> _Instructions for the task_: Output the records that follow, keeping every line exactly as it is.

> _Dataset entries_:
______

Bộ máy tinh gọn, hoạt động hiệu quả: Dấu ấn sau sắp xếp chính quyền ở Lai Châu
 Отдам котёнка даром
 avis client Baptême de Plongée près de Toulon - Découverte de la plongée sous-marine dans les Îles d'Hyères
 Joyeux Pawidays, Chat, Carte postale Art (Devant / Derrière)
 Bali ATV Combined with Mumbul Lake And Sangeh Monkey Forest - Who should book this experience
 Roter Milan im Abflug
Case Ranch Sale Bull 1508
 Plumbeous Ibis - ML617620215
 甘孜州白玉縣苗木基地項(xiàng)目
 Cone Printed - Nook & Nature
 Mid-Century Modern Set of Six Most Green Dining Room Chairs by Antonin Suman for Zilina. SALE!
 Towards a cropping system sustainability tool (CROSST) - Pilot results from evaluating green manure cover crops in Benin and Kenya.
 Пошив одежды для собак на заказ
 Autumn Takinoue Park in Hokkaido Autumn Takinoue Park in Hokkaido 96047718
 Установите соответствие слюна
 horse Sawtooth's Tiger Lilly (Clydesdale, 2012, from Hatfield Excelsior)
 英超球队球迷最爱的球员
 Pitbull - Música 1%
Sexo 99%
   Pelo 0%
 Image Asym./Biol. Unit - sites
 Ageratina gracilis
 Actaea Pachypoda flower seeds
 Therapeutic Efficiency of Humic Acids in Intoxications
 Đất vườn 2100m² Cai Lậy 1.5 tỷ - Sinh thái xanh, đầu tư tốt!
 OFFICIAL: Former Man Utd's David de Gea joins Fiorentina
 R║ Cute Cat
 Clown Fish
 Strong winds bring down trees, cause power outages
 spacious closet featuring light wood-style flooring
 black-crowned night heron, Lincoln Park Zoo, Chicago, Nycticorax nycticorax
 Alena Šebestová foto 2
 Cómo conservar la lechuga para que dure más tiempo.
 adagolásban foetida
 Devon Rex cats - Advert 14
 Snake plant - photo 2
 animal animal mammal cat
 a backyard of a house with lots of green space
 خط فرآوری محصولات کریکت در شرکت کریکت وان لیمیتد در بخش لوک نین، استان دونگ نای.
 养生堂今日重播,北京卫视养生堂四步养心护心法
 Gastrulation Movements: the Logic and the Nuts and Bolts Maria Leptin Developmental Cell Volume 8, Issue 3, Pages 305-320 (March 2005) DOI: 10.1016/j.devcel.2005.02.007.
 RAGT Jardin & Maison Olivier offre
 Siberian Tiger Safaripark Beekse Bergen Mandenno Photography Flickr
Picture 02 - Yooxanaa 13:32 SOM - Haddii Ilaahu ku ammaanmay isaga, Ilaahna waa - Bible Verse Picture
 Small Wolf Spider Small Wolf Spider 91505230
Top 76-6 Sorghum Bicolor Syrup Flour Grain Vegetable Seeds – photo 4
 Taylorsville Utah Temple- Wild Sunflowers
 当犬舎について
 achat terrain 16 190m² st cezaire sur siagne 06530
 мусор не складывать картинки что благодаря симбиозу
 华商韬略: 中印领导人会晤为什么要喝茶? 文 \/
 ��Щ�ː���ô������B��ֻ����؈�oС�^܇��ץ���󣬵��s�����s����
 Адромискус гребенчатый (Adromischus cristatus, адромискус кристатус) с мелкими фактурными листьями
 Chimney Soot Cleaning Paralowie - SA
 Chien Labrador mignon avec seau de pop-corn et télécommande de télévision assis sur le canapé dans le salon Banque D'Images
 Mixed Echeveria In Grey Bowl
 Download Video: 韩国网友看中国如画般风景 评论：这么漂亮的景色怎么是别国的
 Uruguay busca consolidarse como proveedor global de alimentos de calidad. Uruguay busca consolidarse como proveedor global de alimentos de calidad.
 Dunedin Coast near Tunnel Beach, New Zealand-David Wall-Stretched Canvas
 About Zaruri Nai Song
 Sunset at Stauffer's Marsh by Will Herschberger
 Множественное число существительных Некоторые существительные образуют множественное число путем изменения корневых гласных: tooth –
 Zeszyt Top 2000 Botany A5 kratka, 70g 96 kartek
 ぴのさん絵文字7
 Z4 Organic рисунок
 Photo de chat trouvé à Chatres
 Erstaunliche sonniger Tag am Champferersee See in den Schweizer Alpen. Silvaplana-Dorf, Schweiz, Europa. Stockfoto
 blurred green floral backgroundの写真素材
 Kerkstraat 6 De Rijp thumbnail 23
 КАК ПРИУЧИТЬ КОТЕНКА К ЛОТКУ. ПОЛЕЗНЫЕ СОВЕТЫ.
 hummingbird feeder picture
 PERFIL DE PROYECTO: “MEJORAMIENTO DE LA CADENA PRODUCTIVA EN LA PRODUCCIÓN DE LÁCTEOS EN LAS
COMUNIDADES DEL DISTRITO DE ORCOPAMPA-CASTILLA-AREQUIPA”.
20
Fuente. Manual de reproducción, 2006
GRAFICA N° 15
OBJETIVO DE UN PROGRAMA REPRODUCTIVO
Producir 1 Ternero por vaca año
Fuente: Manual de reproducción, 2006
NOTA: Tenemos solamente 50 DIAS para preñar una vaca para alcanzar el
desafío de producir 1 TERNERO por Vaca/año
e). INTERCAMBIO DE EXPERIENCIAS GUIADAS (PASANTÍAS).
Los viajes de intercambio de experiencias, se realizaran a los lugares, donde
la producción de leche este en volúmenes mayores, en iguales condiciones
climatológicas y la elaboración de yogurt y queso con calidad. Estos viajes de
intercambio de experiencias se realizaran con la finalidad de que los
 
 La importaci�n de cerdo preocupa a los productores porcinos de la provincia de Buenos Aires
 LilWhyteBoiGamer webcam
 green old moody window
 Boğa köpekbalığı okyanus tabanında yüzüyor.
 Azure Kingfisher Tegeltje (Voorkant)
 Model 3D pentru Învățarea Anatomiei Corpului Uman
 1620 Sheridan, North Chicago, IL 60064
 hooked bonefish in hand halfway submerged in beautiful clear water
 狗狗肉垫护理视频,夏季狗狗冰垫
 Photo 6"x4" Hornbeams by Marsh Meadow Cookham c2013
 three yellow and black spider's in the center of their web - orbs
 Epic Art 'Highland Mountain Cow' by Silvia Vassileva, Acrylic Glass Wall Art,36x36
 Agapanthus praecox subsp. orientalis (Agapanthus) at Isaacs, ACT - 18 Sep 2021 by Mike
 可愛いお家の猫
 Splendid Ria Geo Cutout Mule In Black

______

> _Written response_:
Bộ máy tinh gọn, hoạt động hiệu quả: Dấu ấn sau sắp xếp chính quyền ở Lai Châu
 Отдам котёнка даром
 avis client Baptême de Plongée près de Toulon - Découverte de la plongée sous-marine dans les Îles d'Hyères
 Joyeux Pawidays, Chat, Carte postale Art (Devant / Derrière)
 Bali ATV Combined with Mumbul Lake And Sangeh Monkey Forest - Who should book this experience
 Roter Milan im Abflug
Case Ranch Sale Bull 1508
 Plumbeous Ibis - ML617620215
 甘孜州白玉縣苗木基地項(xiàng)目
 Cone Printed - Nook & Nature
 Mid-Century Modern Set of Six Most Green Dining Room Chairs by Antonin Suman for Zilina. SALE!
 Towards a cropping system sustainability tool (CROSST) - Pilot results from evaluating green manure cover crops in Benin and Kenya.
 Пошив одежды для собак на заказ
 Autumn Takinoue Park in Hokkaido Autumn Takinoue Park in Hokkaido 96047718
 Установите соответствие слюна
 horse Sawtooth's Tiger Lilly (Clydesdale, 2012, from Hatfield Excelsior)
 英超球队球迷最爱的球员
 Pitbull - Música 1%
Sexo 99%
   Pelo 0%
 Image Asym./Biol. Unit - sites
 Ageratina gracilis
 Actaea Pachypoda flower seeds
 Therapeutic Efficiency of Humic Acids in Intoxications
 Đất vườn 2100m² Cai Lậy 1.5 tỷ - Sinh thái xanh, đầu tư tốt!
 OFFICIAL: Former Man Utd's David de Gea joins Fiorentina
 R║ Cute Cat
 Clown Fish
 Strong winds bring down trees, cause power outages
 spacious closet featuring light wood-style flooring
 black-crowned night heron, Lincoln Park Zoo, Chicago, Nycticorax nycticorax
 Alena Šebestová foto 2
 Cómo conservar la lechuga para que dure más tiempo.
 adagolásban foetida
 Devon Rex cats - Advert 14
 Snake plant - photo 2
 animal animal mammal cat
 a backyard of a house with lots of green space
 خط فرآوری محصولات کریکت در شرکت کریکت وان لیمیتد در بخش لوک نین، استان دونگ نای.
 养生堂今日重播,北京卫视养生堂四步养心护心法
 Gastrulation Movements: the Logic and the Nuts and Bolts Maria Leptin Developmental Cell Volume 8, Issue 3, Pages 305-320 (March 2005) DOI: 10.1016/j.devcel.2005.02.007.
 RAGT Jardin & Maison Olivier offre
 Siberian Tiger Safaripark Beekse Bergen Mandenno Photography Flickr
Picture 02 - Yooxanaa 13:32 SOM - Haddii Ilaahu ku ammaanmay isaga, Ilaahna waa - Bible Verse Picture
 Small Wolf Spider Small Wolf Spider 91505230
Top 76-6 Sorghum Bicolor Syrup Flour Grain Vegetable Seeds – photo 4
 Taylorsville Utah Temple- Wild Sunflowers
 当犬舎について
 achat terrain 16 190m² st cezaire sur siagne 06530
 мусор не складывать картинки что благодаря симбиозу
 华商韬略: 中印领导人会晤为什么要喝茶? 文 \/
 ��Щ�ː���ô������B��ֻ����؈�oС�^܇��ץ���󣬵��s�����s����
 Адромискус гребенчатый (Adromischus cristatus, адромискус кристатус) с мелкими фактурными листьями
 Chimney Soot Cleaning Paralowie - SA
 Chien Labrador mignon avec seau de pop-corn et télécommande de télévision assis sur le canapé dans le salon Banque D'Images
 Mixed Echeveria In Grey Bowl
 Download Video: 韩国网友看中国如画般风景 评论：这么漂亮的景色怎么是别国的
 Uruguay busca consolidarse como proveedor global de alimentos de calidad. Uruguay busca consolidarse como proveedor global de alimentos de calidad.
 Dunedin Coast near Tunnel Beach, New Zealand-David Wall-Stretched Canvas
 About Zaruri Nai Song
 Sunset at Stauffer's Marsh by Will Herschberger
 Множественное число существительных Некоторые существительные образуют множественное число путем изменения корневых гласных: tooth –
 Zeszyt Top 2000 Botany A5 kratka, 70g 96 kartek
 ぴのさん絵文字7
 Z4 Organic рисунок
 Photo de chat trouvé à Chatres
 Erstaunliche sonniger Tag am Champferersee See in den Schweizer Alpen. Silvaplana-Dorf, Schweiz, Europa. Stockfoto
 blurred green floral backgroundの写真素材
 Kerkstraat 6 De Rijp thumbnail 23
 КАК ПРИУЧИТЬ КОТЕНКА К ЛОТКУ. ПОЛЕЗНЫЕ СОВЕТЫ.
 hummingbird feeder picture
 PERFIL DE PROYECTO: “MEJORAMIENTO DE LA CADENA PRODUCTIVA EN LA PRODUCCIÓN DE LÁCTEOS EN LAS
COMUNIDADES DEL DISTRITO DE ORCOPAMPA-CASTILLA-AREQUIPA”.
20
Fuente. Manual de reproducción, 2006
GRAFICA N° 15
OBJETIVO DE UN PROGRAMA REPRODUCTIVO
Producir 1 Ternero por vaca año
Fuente: Manual de reproducción, 2006
NOTA: Tenemos solamente 50 DIAS para preñar una vaca para alcanzar el
desafío de producir 1 TERNERO por Vaca/año
e). INTERCAMBIO DE EXPERIENCIAS GUIADAS (PASANTÍAS).
Los viajes de intercambio de experiencias, se realizaran a los lugares, donde
la producción de leche este en volúmenes mayores, en iguales condiciones
climatológicas y la elaboración de yogurt y queso con calidad. Estos viajes de
intercambio de experiencias se realizaran con la finalidad de que los
 
 La importaci�n de cerdo preocupa a los productores porcinos de la provincia de Buenos Aires
 LilWhyteBoiGamer webcam
 green old moody window
 Boğa köpekbalığı okyanus tabanında yüzüyor.
 Azure Kingfisher Tegeltje (Voorkant)
 Model 3D pentru Învățarea Anatomiei Corpului Uman
 1620 Sheridan, North Chicago, IL 60064
 hooked bonefish in hand halfway submerged in beautiful clear water
 狗狗肉垫护理视频,夏季狗狗冰垫
 Photo 6"x4" Hornbeams by Marsh Meadow Cookham c2013
 three yellow and black spider's in the center of their web - orbs
 Epic Art 'Highland Mountain Cow' by Silvia Vassileva, Acrylic Glass Wall Art,36x36
 Agapanthus praecox subsp. orientalis (Agapanthus) at Isaacs, ACT - 18 Sep 2021 by Mike
 可愛いお家の猫
 Splendid Ria Geo Cutout Mule In Black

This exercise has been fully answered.